Николай Андреевич смеется:
– Я же толковал – историйка. Что уж тут скромничать – снимал я сам. Пластинки тогда были малочувствительные: в камере «юпитеров», как сами понимаете, не было, выдержку давал я продолжительную. За это время успевал затвор открыть, присесть к товарищам, попозировать, встать, закрыть затвор, – уж очень мне хотелось вместе с товарищами на фото запечатлеться. А аппарат? Аппарат сделан в тюрьме из коробки для папиросных гильз фирмы «Катык» (отличные гильзы были!). Объектив для него – окуляр от бинокля. Окуляр тот мне моя родная мать передала в двойном дне судка для щей – разрешалось харчиться из дому. С воли в тюрьму в этом бачке и окуляр пропутешествовал и фотопластинки.
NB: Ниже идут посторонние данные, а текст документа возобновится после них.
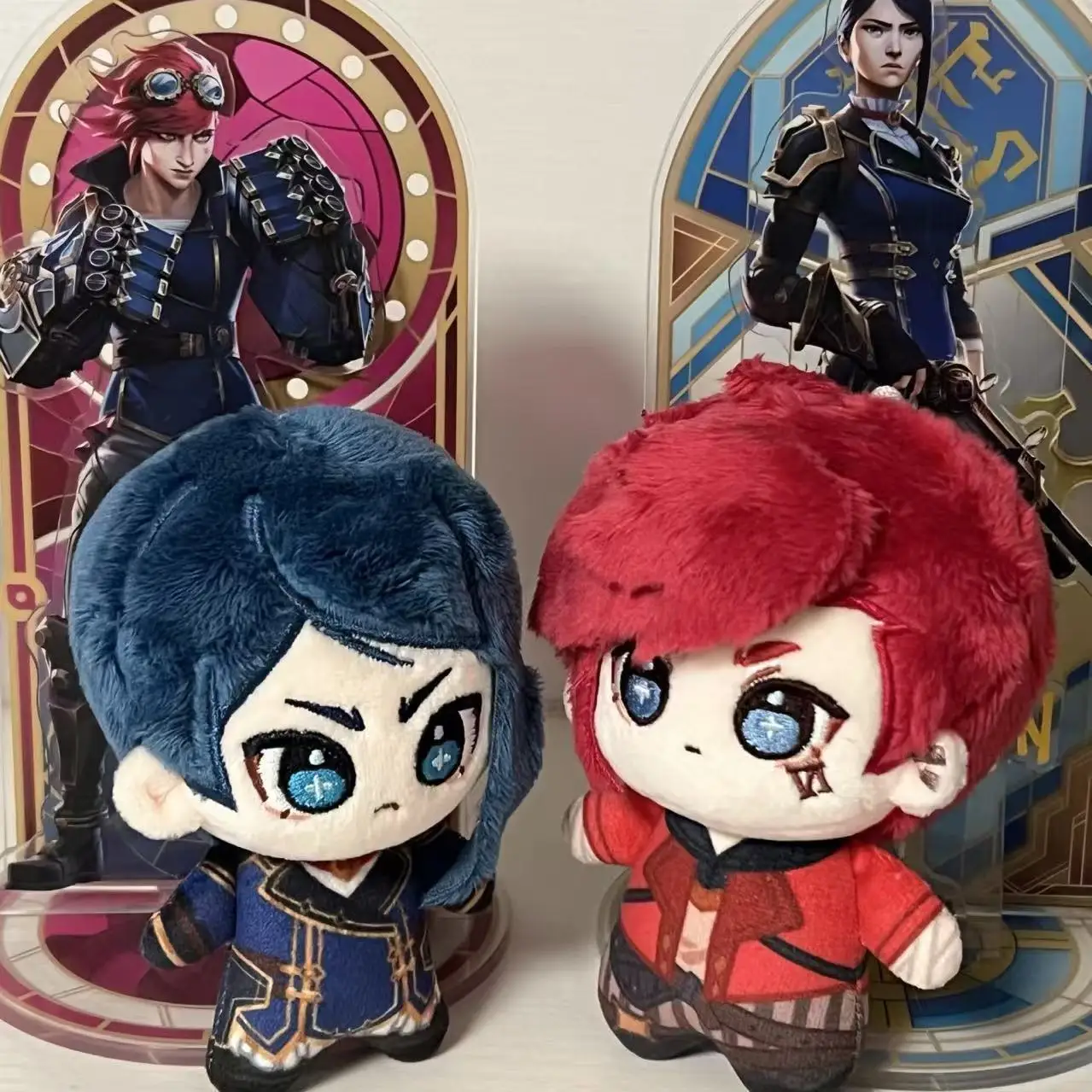 Double City War Caitlyn Wei Pendant Plush Toy 10cm Character Soft Cotton Anime Doll Peripheral For Anime Fans Collection Gifts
А потом обратно из тюрьмы таким же образом уже отснятые пластинки. Бачок мой брат Леонид делал – тоже революционер, тоже мастеровой человек, – так бачок изготовил, что никакого шва не было заметно. И тоже, как я с малолетства, любитель фотографии. Вот, изволите видеть, сделанный им снимок: нас, участников процесса 19-ти, ведут по Саратову из тюрьмы в суд. Кое-кто из моих сегодняшних слушателей, избалованных «лейками» да «зенитами», сомнение высказывают – да можно ли снимать камерой, сооруженной из… папиросной коробки. Так я «реконструкцию» сделал – из нынешней коробки для гильз и нынешнего бинокля соорудил аппарат, а мои друзья-пионеры (позвольте вам сказать, мои самые верные друзья – это пионеры) сфотографировали меня с помощью подобного аппарата. Пластинки нынче получше прежних, вот и снимок пионерский пояснее получился моего, тюремного.
Мы иной раз слишком часто произносим слово «исторический». Но ведь этот снимок именно такой. Не знали четверо в «столыпинском» корпусе тюрьмы, что позируют не перед объективом, сделанным из бинокля, а перед самой Историей. Благодаря уникальному снимку этому навеки запечатлен один из моментов зарождения великой социалистической революции в России – момент изучения русскими пролетариями вкупе с интеллигентами теории научного коммунизма. Из многих дошедших до нас документов явствует, что первое прочтение книг Маркса русскими рабочими началось почти сразу после появления в России переводов Марксовых работ. Полицейские акты и протоколы сообщают, что экземпляры «Капитала» (произведение, допущенное царской цензурой как «строго научное и малодоступное», которое, как казалось цензуре, «немногие прочтут, а еще меньше поймут») были найдены у рабочих Степана Халтурина и Виктора Обнорского – создателей «Северного союза русских рабочих», у членов «Южнороссийского союза рабочих». Из мемуаров и полицейских протоколов мы знаем, что «Капитал» Маркса, переплетенный то в библию, то в обложку модного романа, находили при аресте многих рабочих-революционеров. Но вот фотографии, на которой был бы запечатлен момент чтения Маркса русскими рабочими в тюрьме, до Кингина известно не было.
Николай Андреевич, восьмидесятилетний пенсионер, рассказывает мне о своем первом прочтении Маркса и последующих своих чтениях:
– Что говорить, не простое произведение «Капитал». Фундаментальный научный труд, предполагающий глубокое изучение подготовленным читателем. А вот поди же, от первой фразы первого тома – «Богатство обществ, в которых господствует капиталистический способ производства» – до последней фразы – «Капиталистический способ производства и накопления, а следовательно, и капиталистическая частная собственность предполагают уничтожение частной собственности, покоящейся на собственном труде, то есть предполагают экспроприацию работника» – все становилось доступным.
И потому, – продолжает Николай Андреевич, – что были у нас опытные пропагандисты-разъяснители, и потому, что, как сказал Маяковский, «мы раскрывали Маркса каждый том, как в доме собственном мы раскрываем ставни». До знакомства с Марксом, с Лениным была у нас только надежда на новую жизнь, а уж после чтения – глубокая уверенность в неизбежности краха старой жизни.